Myths work as the social and psychic and spiritual repositories of culture. They contain wisdoms and intuitions all mixed up with the driftwood of history, gender, artwork, and politics. A myth is to culture as a dream is to an individual: a symbol-scintillating mirror of the time. When the lessons of history go unlearned, the mirror returns to reflect yet again. As mythologist Joseph Campbell pointed out, figures like Oedipus and Beauty and the Beast are not gone or stuck in old mythology books: they stand at some contemporary intersection waiting for the light to change.

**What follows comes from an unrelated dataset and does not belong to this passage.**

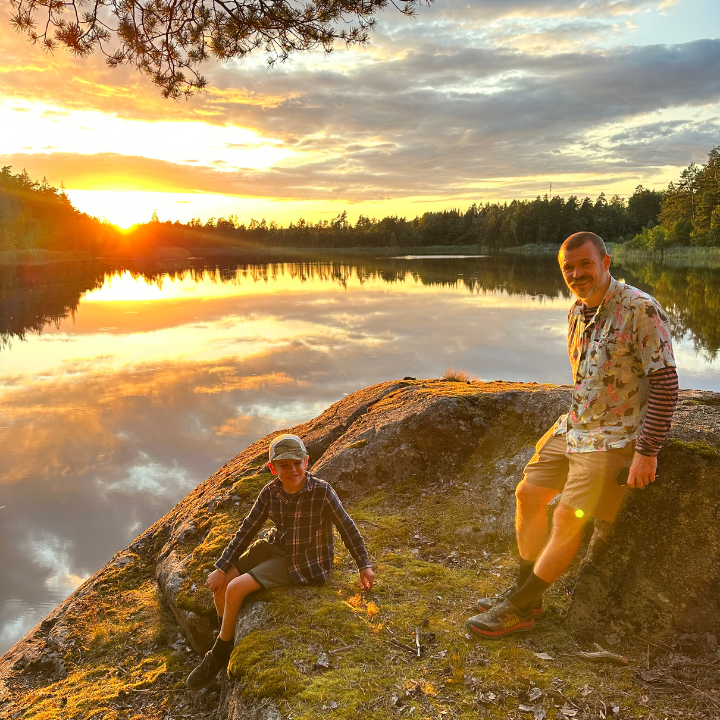 Pappa och son på en klippa i solnedgången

Ancient Roman mythology knew all about power plays such as we see in our day. Where George W. Bush and his advisers occupy the stage, the Romans would have seen Mars with his ten-gallon helmet: Mars, the most reckless and impulsive of all old Jupiter's sons. Mars, who pursued battle for its own sake even when it clearly made no sense to. Terrible, tempestuous, inflexible Mars, whose companions were Phobos ("Fear"), Deimos ("Terror"), and their grim sister Eris ("Strife"). From a mythological perspective, this frenzied god and his fearful administrators have returned to life to loose the terrible dogs of war once again.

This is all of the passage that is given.